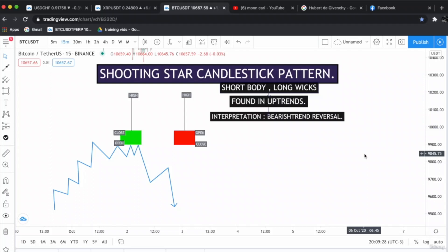The interpretation of the shooting star is a bearish trend reversal, which means that if a shooting star is found in an uptrend, it has the potential to rally to the downside. The sellers are gaining momentum.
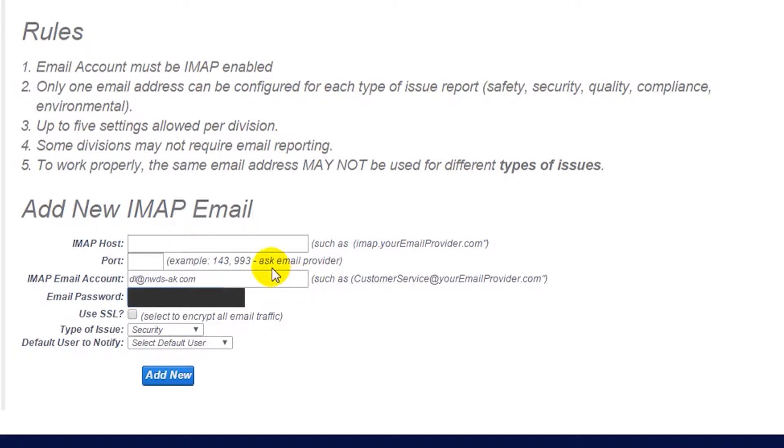If you are unsure what your IMAP host and port are, you can easily acquire that information from your IT department.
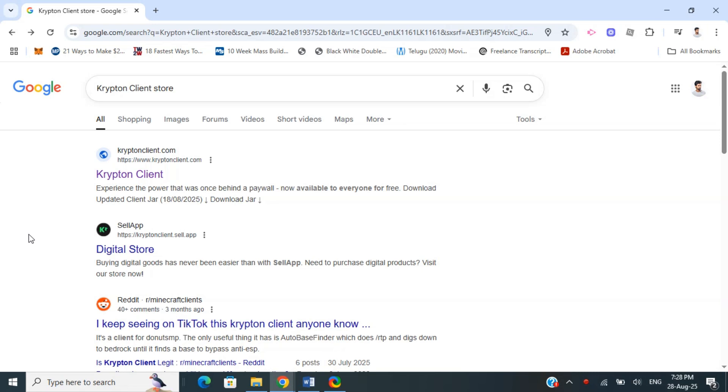In this video, I'll guide you on how to download Krypton Client for Minecraft SMP. We're going to download from the official Krypton Client site. It's free and open source.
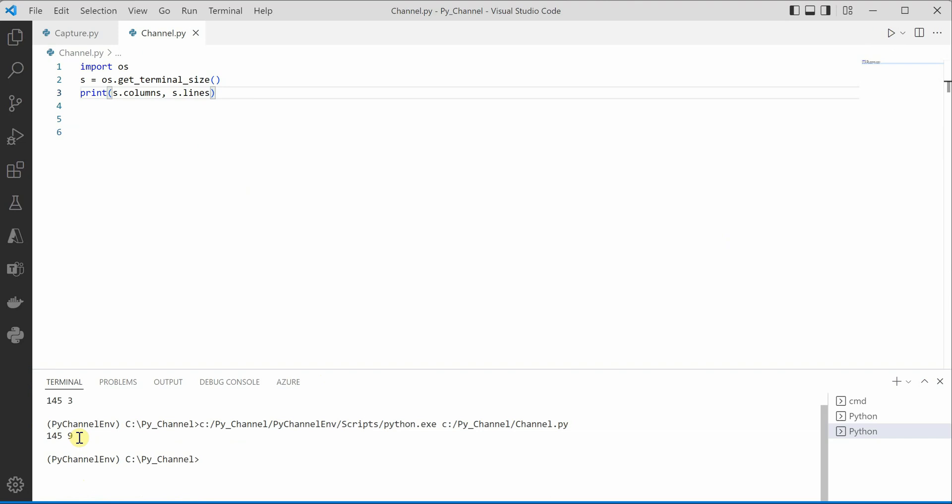Now according to this data or these number of columns and lines you can set your output or you can decide how you need to render your output so that user can visualize it properly. I hope you enjoyed this short trick and thanks for watching.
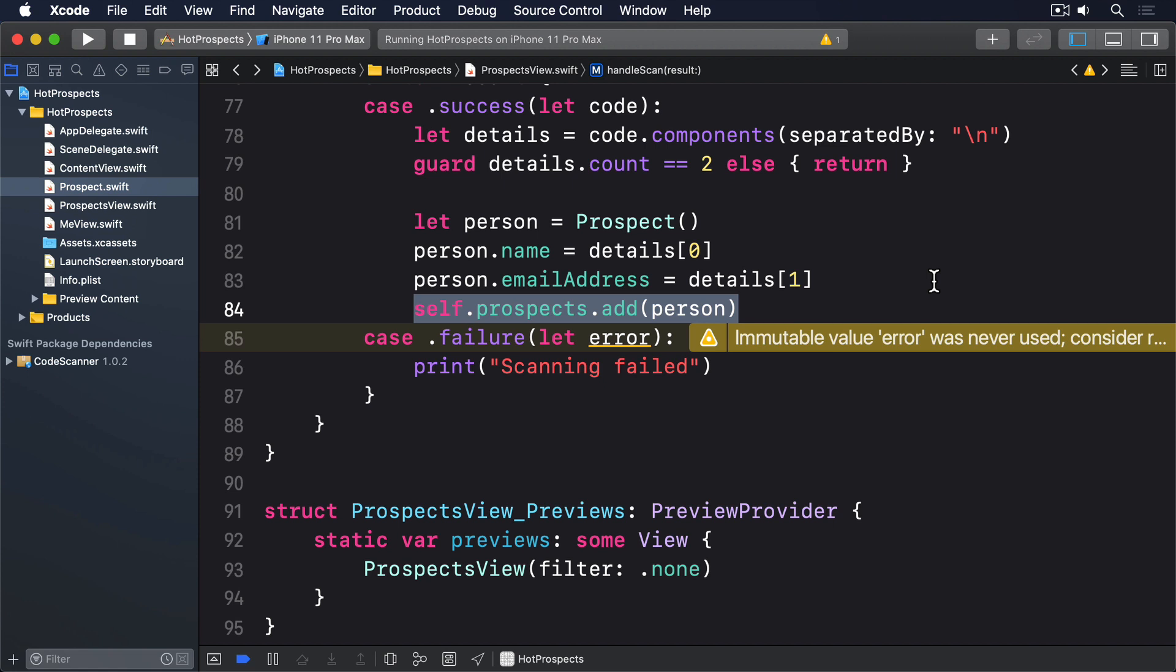We're going to call Get Notification Settings, to read whether notifications are currently allowed. If they are, we'll show a notification. If they aren't, we'll request permissions. And if that comes back successfully, then we'll also show a notification.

• Work item:
Everything from the line with "In this video, I'll" through the last line above must be repeated exactly, except the pictures.

• Expected answer:
In this video, I'll guide you on how to download Krypton Client for Minecraft SMP. We're going to download from the official Krypton Client site. It's free and open source.
Now according to this data or these number of columns and lines you can set your output or you can decide how you need to render your output so that user can visualize it properly. I hope you enjoyed this short trick and thanks for watching.
We're going to call Get Notification Settings, to read whether notifications are currently allowed. If they are, we'll show a notification. If they aren't, we'll request permissions. And if that comes back successfully, then we'll also show a notification.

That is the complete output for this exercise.